Leave the pictures out and restate every line below exactly.
### INFORMATION PROVIDED ###
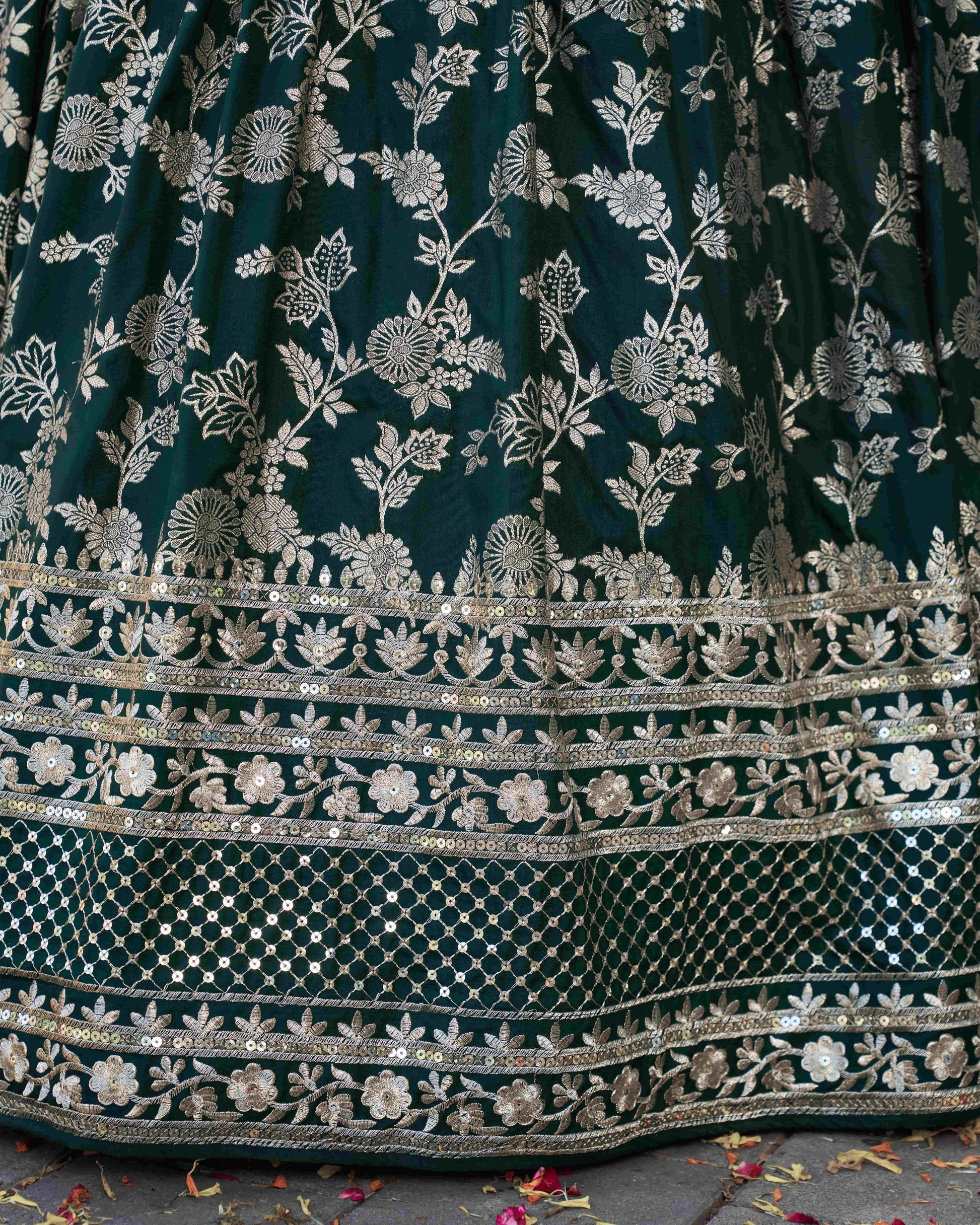 Dark green fabric with intricate silver floral embroidery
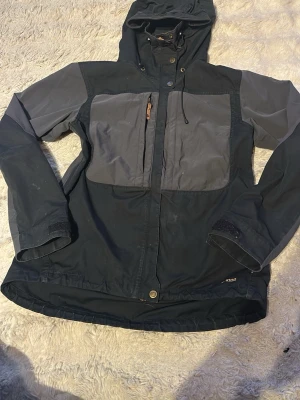 Svart och grå vindjacka med huva - Snygg vindjacka i svart och grått med justerbar huva och dragkedja framtill. Jackan har stora bröstfickor, kardborre vid ärmsluten och detaljer i läder på dragkedjan. Materialet är slitstarkt och passar perfekt för utomhusaktiviteter.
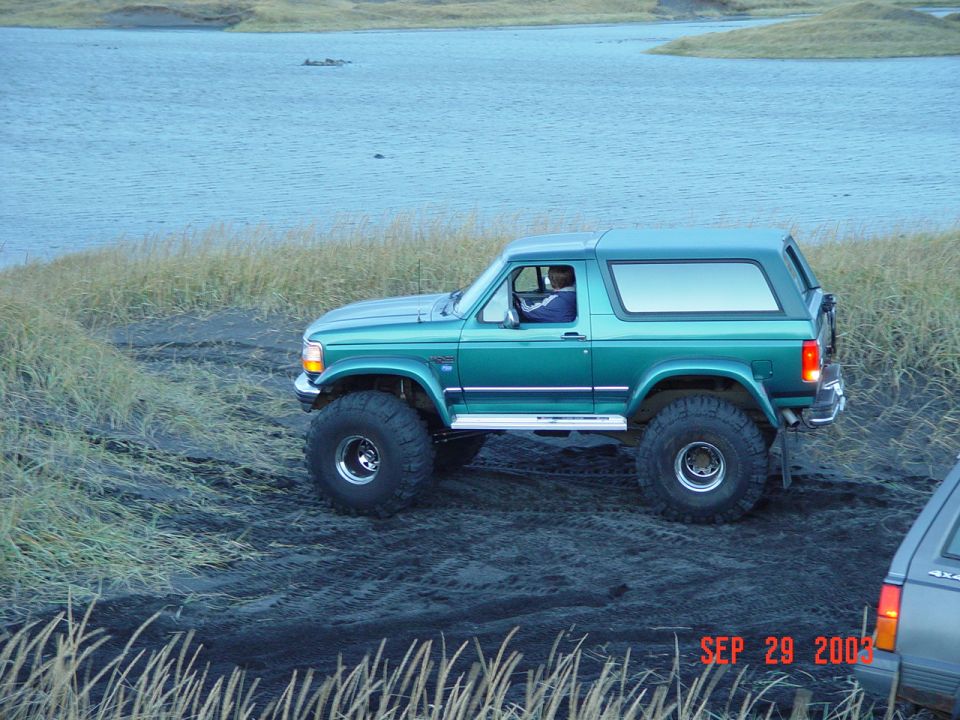 Teal lifted two-door Ford Bronco on big tires, side view by water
###
> [SOLVED EXERCISE]
 Dark green fabric with intricate silver floral embroidery
 Svart och grå vindjacka med huva - Snygg vindjacka i svart och grått med justerbar huva och dragkedja framtill. Jackan har stora bröstfickor, kardborre vid ärmsluten och detaljer i läder på dragkedjan. Materialet är slitstarkt och passar perfekt för utomhusaktiviteter.
 Teal lifted two-door Ford Bronco on big tires, side view by water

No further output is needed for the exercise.